- _Records to process_
_ _ _ _ _ _ _

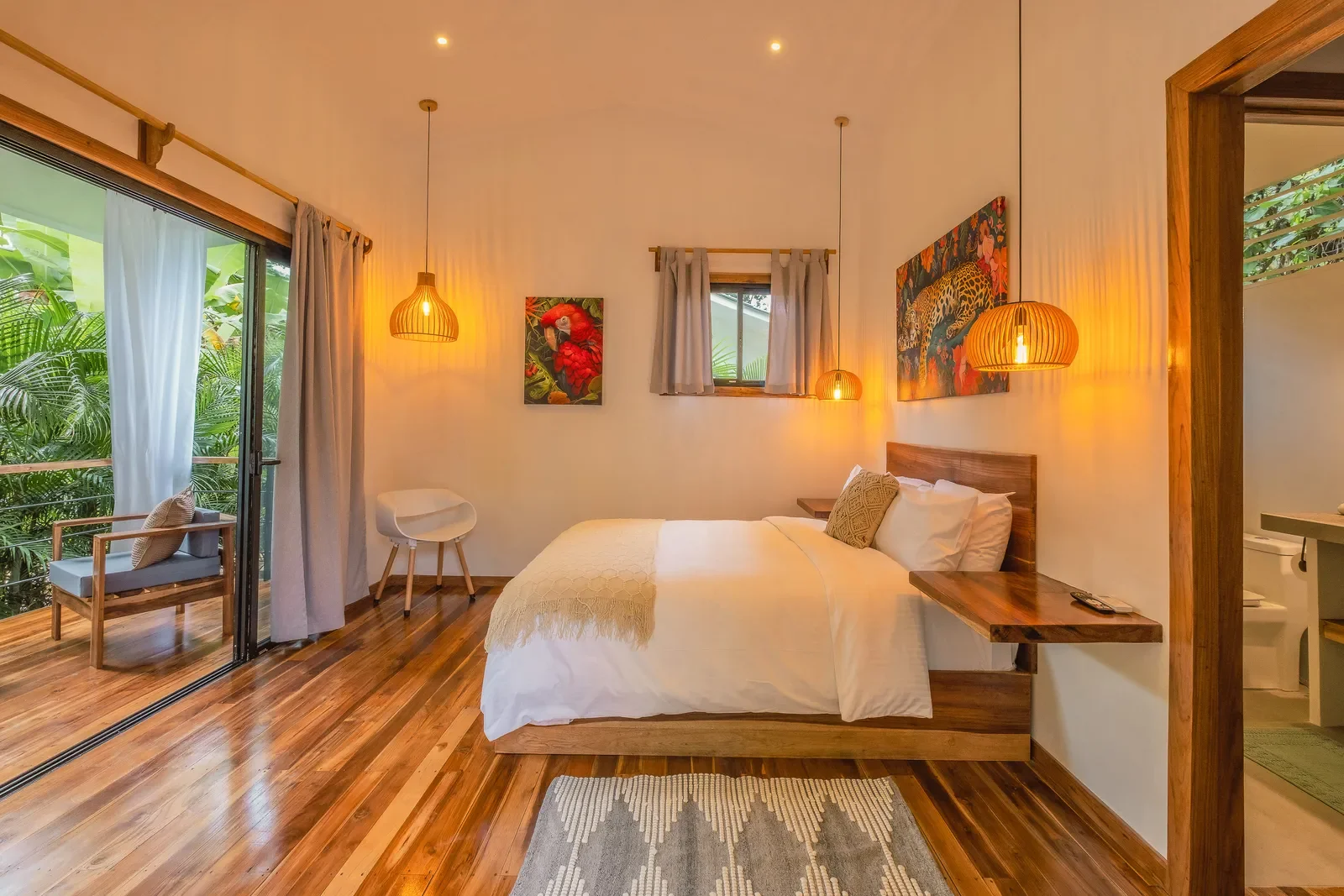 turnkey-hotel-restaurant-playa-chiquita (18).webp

_ _ _ _ _ _ _

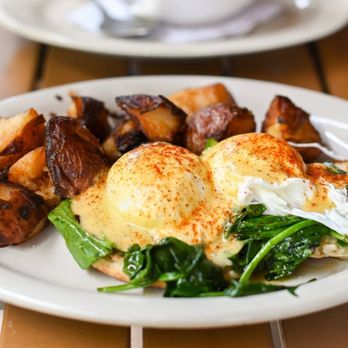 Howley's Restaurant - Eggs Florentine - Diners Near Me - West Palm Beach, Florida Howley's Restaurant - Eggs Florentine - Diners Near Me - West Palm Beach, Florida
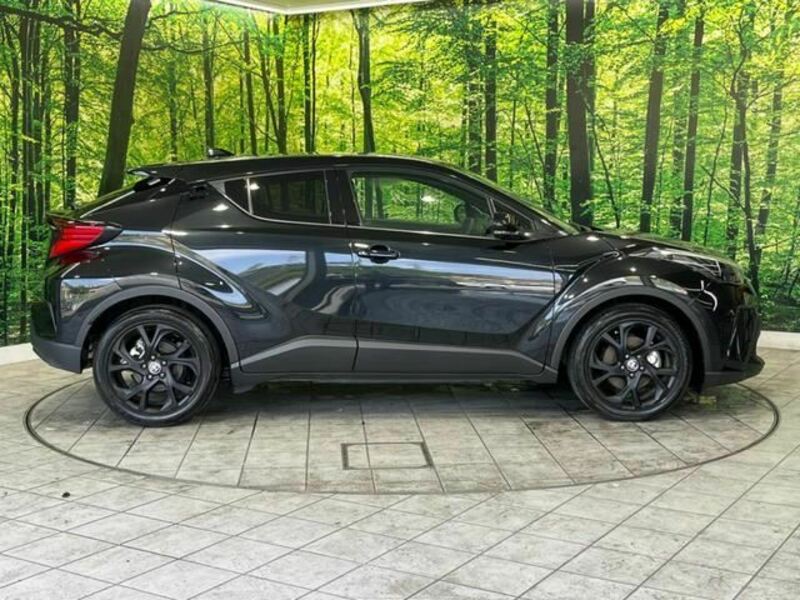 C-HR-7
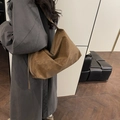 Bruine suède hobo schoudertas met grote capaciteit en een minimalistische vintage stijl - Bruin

_ _ _ _ _ _ _

- _Task requirements_
Exact copy, no pictures. Write out the lines in the entries above, starting with the line with "Beach, Florida Howley's" and going on through the line with "Bruine suède hobo", keeping both.

- _Response box_
 Howley's Restaurant - Eggs Florentine - Diners Near Me - West Palm Beach, Florida Howley's Restaurant - Eggs Florentine - Diners Near Me - West Palm Beach, Florida
 C-HR-7
 Bruine suède hobo schoudertas met grote capaciteit en een minimalistische vintage stijl - Bruin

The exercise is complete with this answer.